* Work to complete: Once "ដីលក់ឬជួលកន្ទុ" turns up in a line below, reproduce that line and those after it exactly, stopping after the line with "Bügelbild für Kinder"; leave pictures out.

* Provided records:
---+---

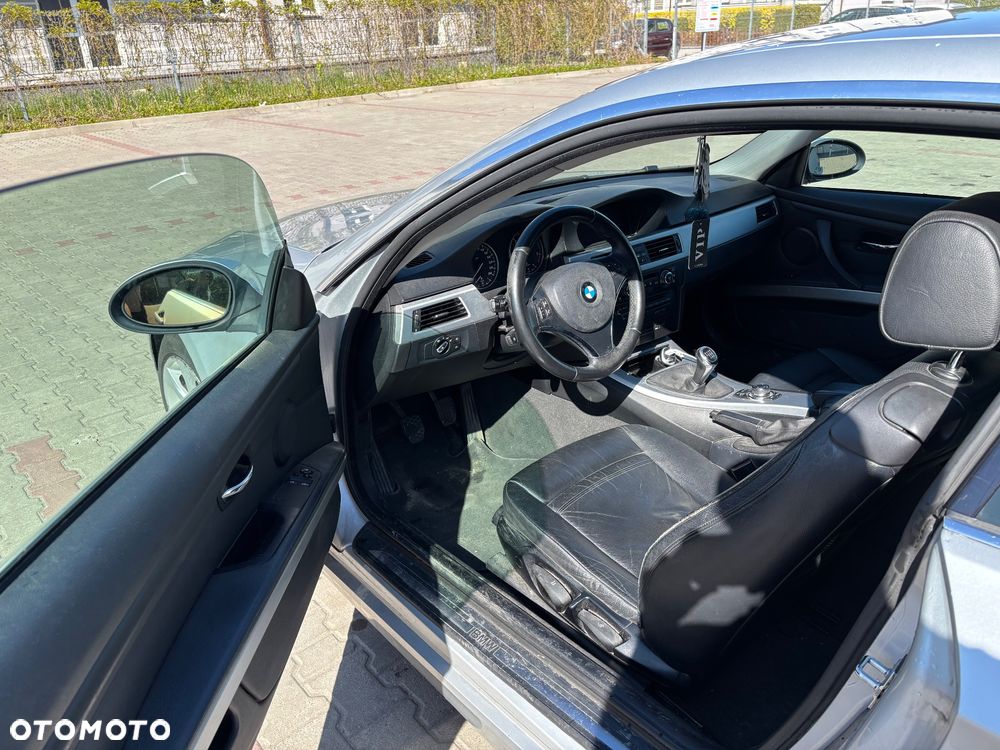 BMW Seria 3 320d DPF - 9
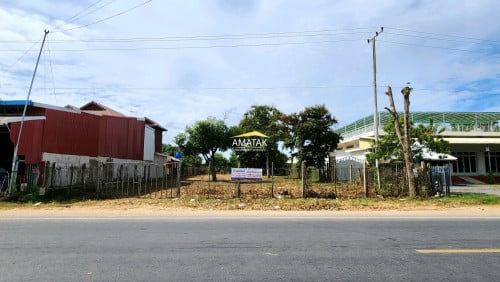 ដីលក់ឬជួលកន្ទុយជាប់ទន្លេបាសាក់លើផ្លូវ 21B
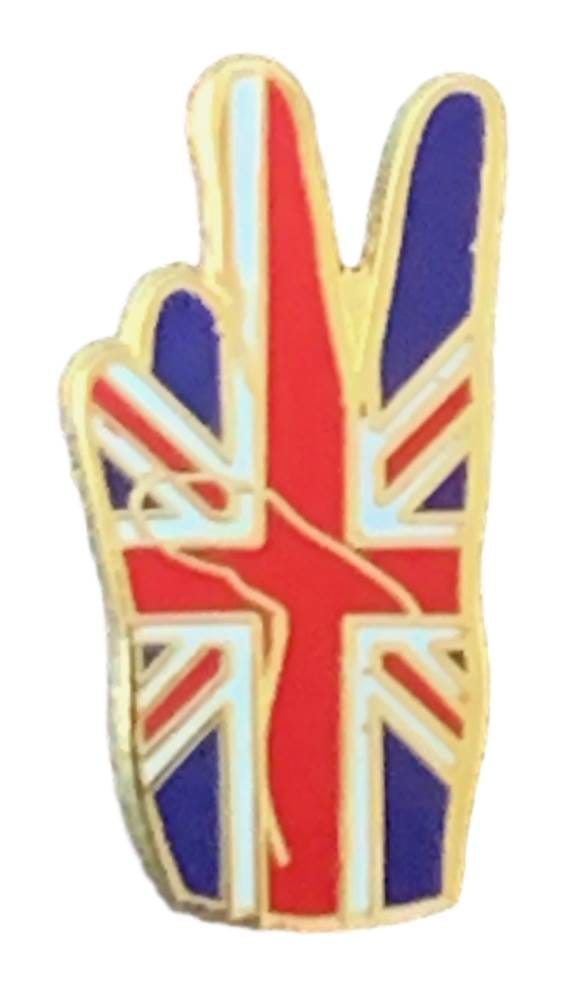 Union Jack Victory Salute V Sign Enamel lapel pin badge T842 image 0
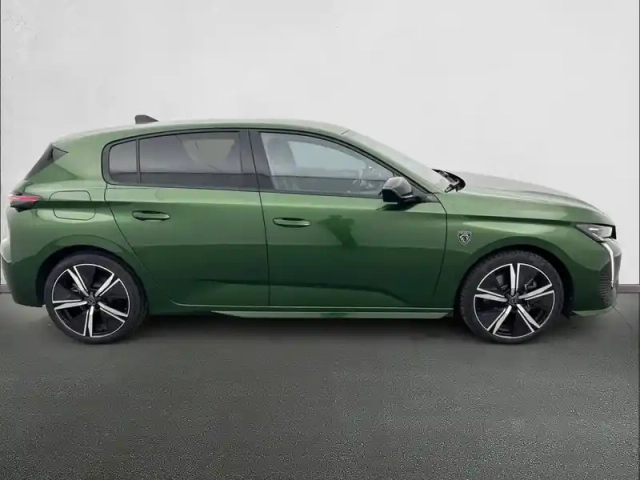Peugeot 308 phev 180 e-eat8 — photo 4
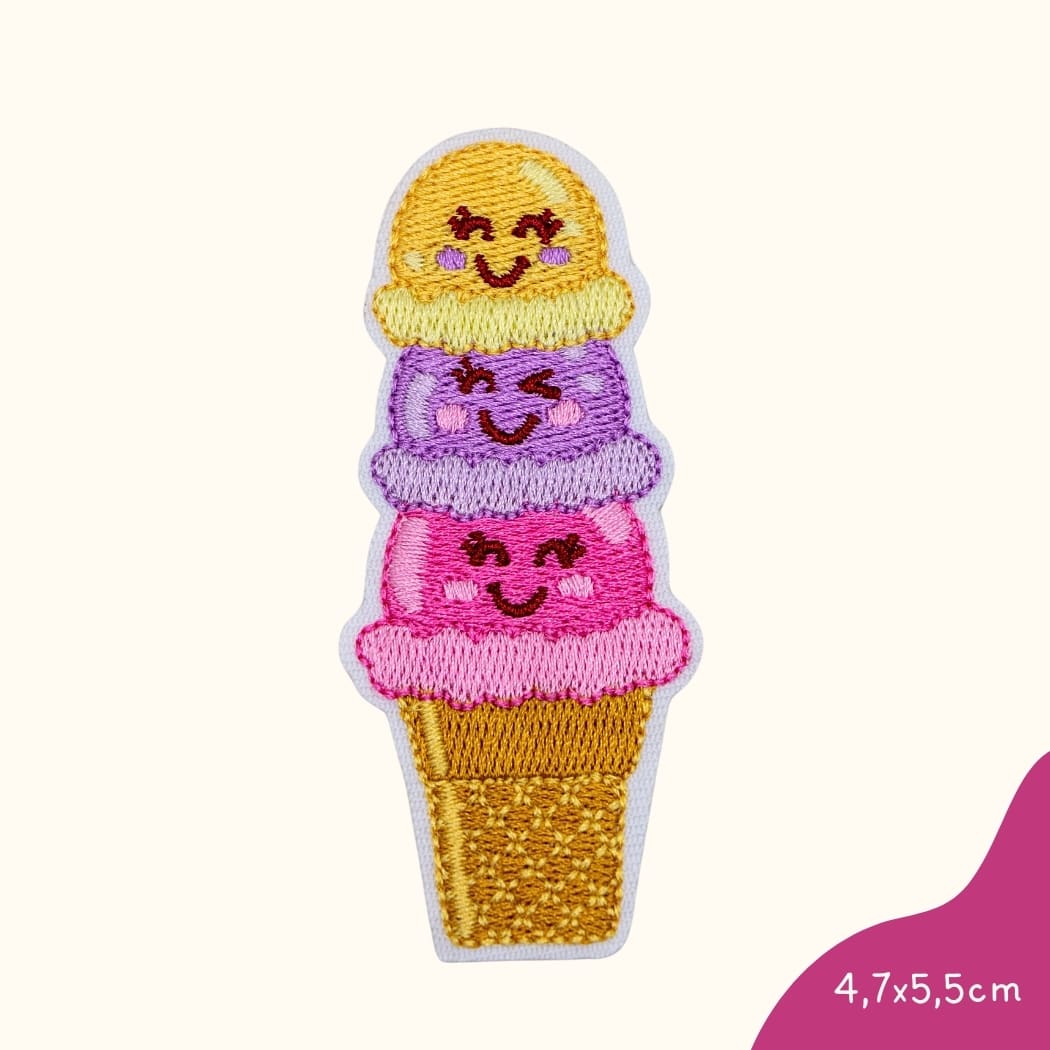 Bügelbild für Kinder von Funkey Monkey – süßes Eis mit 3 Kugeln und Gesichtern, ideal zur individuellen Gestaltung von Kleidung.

---+---

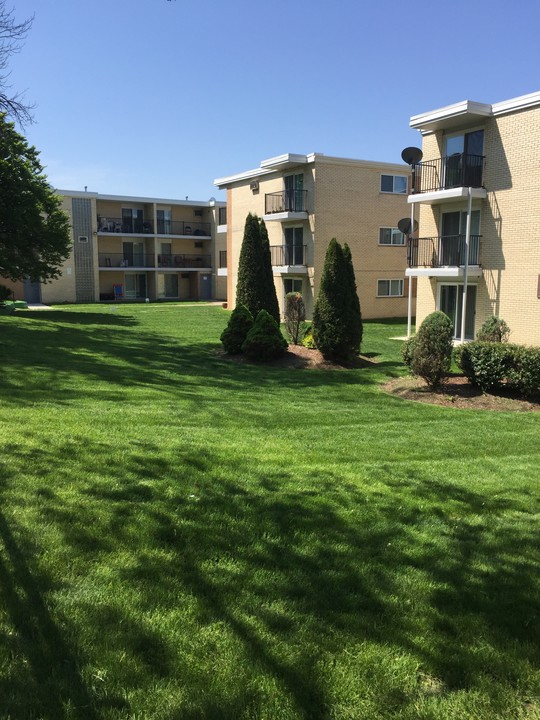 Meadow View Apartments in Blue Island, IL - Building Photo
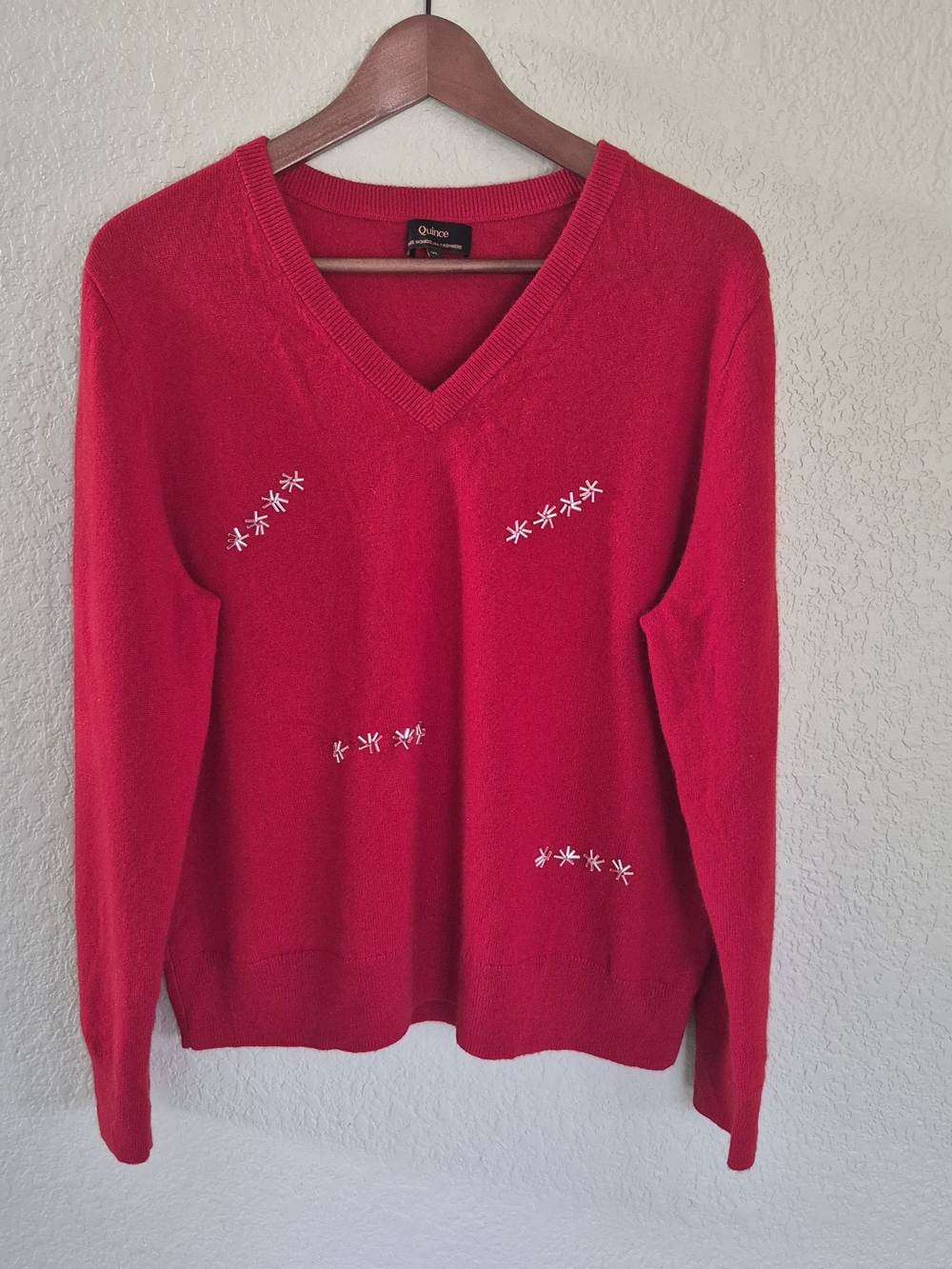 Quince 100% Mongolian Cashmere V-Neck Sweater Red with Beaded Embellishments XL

---+---

* Solution for this problem:
 ដីលក់ឬជួលកន្ទុយជាប់ទន្លេបាសាក់លើផ្លូវ 21B
 Union Jack Victory Salute V Sign Enamel lapel pin badge T842 image 0
Peugeot 308 phev 180 e-eat8 — photo 4
 Bügelbild für Kinder von Funkey Monkey – süßes Eis mit 3 Kugeln und Gesichtern, ideal zur individuellen Gestaltung von Kleidung.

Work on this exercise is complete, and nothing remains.